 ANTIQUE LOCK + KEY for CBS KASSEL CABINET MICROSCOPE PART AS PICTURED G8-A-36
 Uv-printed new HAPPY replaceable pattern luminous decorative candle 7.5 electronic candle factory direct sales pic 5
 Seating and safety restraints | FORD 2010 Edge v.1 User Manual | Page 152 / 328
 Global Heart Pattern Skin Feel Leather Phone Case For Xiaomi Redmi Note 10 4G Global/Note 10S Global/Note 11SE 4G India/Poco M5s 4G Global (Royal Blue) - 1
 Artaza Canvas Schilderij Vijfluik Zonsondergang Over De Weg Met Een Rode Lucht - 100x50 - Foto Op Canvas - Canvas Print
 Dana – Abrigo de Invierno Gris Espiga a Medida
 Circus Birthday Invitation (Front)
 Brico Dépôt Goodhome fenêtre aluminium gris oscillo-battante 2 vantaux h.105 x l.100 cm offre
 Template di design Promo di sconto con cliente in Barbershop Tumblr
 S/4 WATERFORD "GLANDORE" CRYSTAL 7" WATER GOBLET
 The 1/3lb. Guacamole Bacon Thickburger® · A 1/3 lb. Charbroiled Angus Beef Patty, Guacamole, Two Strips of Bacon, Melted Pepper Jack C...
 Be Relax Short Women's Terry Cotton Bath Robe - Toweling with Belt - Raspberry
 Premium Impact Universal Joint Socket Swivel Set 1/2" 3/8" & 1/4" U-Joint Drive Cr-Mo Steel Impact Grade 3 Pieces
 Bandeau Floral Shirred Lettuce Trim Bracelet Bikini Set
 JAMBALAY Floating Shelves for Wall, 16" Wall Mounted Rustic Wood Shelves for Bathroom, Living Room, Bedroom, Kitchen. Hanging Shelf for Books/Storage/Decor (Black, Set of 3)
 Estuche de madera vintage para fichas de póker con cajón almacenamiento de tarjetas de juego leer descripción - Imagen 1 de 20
────
Beginning at the first line above, repeat exactly until the line containing "Seating and safety", which is included.

 ANTIQUE LOCK + KEY for CBS KASSEL CABINET MICROSCOPE PART AS PICTURED G8-A-36
 Uv-printed new HAPPY replaceable pattern luminous decorative candle 7.5 electronic candle factory direct sales pic 5
 Seating and safety restraints | FORD 2010 Edge v.1 User Manual | Page 152 / 328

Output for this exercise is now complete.